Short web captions
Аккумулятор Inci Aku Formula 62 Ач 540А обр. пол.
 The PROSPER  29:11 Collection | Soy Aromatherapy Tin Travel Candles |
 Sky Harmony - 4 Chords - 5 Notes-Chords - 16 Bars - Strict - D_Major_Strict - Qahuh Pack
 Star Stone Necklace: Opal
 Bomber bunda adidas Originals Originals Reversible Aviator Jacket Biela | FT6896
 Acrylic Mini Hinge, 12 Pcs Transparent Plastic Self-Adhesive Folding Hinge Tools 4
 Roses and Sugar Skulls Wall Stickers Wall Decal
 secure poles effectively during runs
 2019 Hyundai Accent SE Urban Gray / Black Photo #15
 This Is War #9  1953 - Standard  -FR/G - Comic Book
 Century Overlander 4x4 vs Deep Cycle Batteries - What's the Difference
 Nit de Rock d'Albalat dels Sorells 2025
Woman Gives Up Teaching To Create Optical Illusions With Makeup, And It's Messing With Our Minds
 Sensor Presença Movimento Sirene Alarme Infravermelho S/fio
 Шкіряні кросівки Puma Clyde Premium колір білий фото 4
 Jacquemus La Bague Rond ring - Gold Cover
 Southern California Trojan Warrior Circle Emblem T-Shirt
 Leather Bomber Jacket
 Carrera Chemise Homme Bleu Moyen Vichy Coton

• _WHAT YOU SHOULD DO_
Each line of the data is to be retyped exactly as shown.

• _ANSWER SECTION_
Аккумулятор Inci Aku Formula 62 Ач 540А обр. пол.
 The PROSPER  29:11 Collection | Soy Aromatherapy Tin Travel Candles |
 Sky Harmony - 4 Chords - 5 Notes-Chords - 16 Bars - Strict - D_Major_Strict - Qahuh Pack
 Star Stone Necklace: Opal
 Bomber bunda adidas Originals Originals Reversible Aviator Jacket Biela | FT6896
 Acrylic Mini Hinge, 12 Pcs Transparent Plastic Self-Adhesive Folding Hinge Tools 4
 Roses and Sugar Skulls Wall Stickers Wall Decal
 secure poles effectively during runs
 2019 Hyundai Accent SE Urban Gray / Black Photo #15
 This Is War #9  1953 - Standard  -FR/G - Comic Book
 Century Overlander 4x4 vs Deep Cycle Batteries - What's the Difference
 Nit de Rock d'Albalat dels Sorells 2025
Woman Gives Up Teaching To Create Optical Illusions With Makeup, And It's Messing With Our Minds
 Sensor Presença Movimento Sirene Alarme Infravermelho S/fio
 Шкіряні кросівки Puma Clyde Premium колір білий фото 4
 Jacquemus La Bague Rond ring - Gold Cover
 Southern California Trojan Warrior Circle Emblem T-Shirt
 Leather Bomber Jacket
 Carrera Chemise Homme Bleu Moyen Vichy Coton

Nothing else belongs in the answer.